Após 5 meses de epidemia do novo coronavírus no Brasil, com mais de 100 mil vítimas e um platô de mil mortes diárias, a vacina é vista como a esperança mais promissora para saída da crise. O caminho para algum tipo de normalidade, no entanto, é longo, avisa a epidemiologista Cristiana Toscano, única brasileira no Grupo Consultivo Estratégico de Especialistas em Imunização da OMS (Organização Mundial da Saúde).

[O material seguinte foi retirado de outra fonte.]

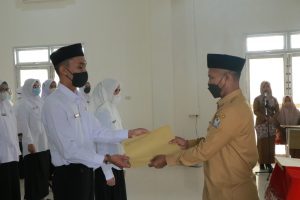 Pemkab Aceh Barat Lantik 181 PNS Formasi Tahun 2019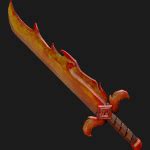 Weapon | mm2 x25 flames - Game Items - Gameflip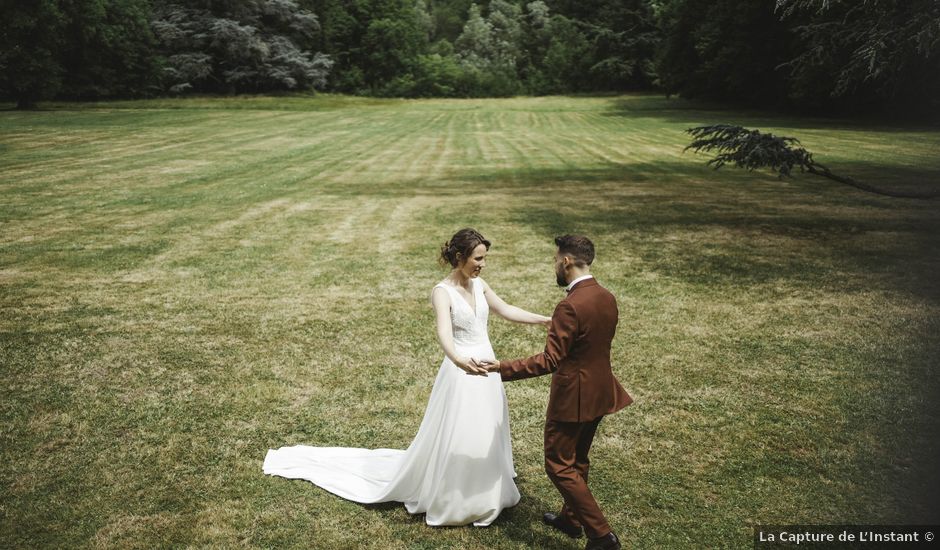 Le mariage de Matthieu et Laura à Griselles, Loiret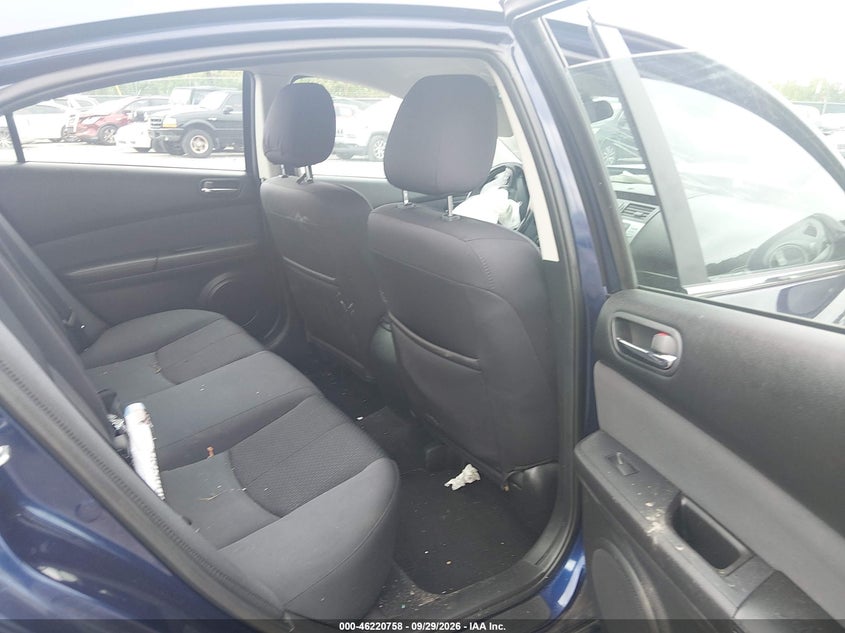 MAZDA MAZDA6 2011 VIN 1YVHZ8CH4B5M25794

Na perspectiva mais otimista, as primeiras doses podem estar disponíveis em março, na estimativa da especialista. Isso se tudo der certo nas etapas anteriores, que incluem desde resultados dos ensaios clínicos até procedimentos de registro e produção do imunizante em escala.
Depois que as primeiras doses estiverem prontas, ainda há outros passos até um cenário em que seja seguro circular pelas ruas. “Tem um período até de fato atingir coberturas vacinais para conseguir reduzir a transmissibilidade de qualquer doença”, afirma Toscano. Por isso, o distanciamento social vai continuar sendo importante ao longo de 2021.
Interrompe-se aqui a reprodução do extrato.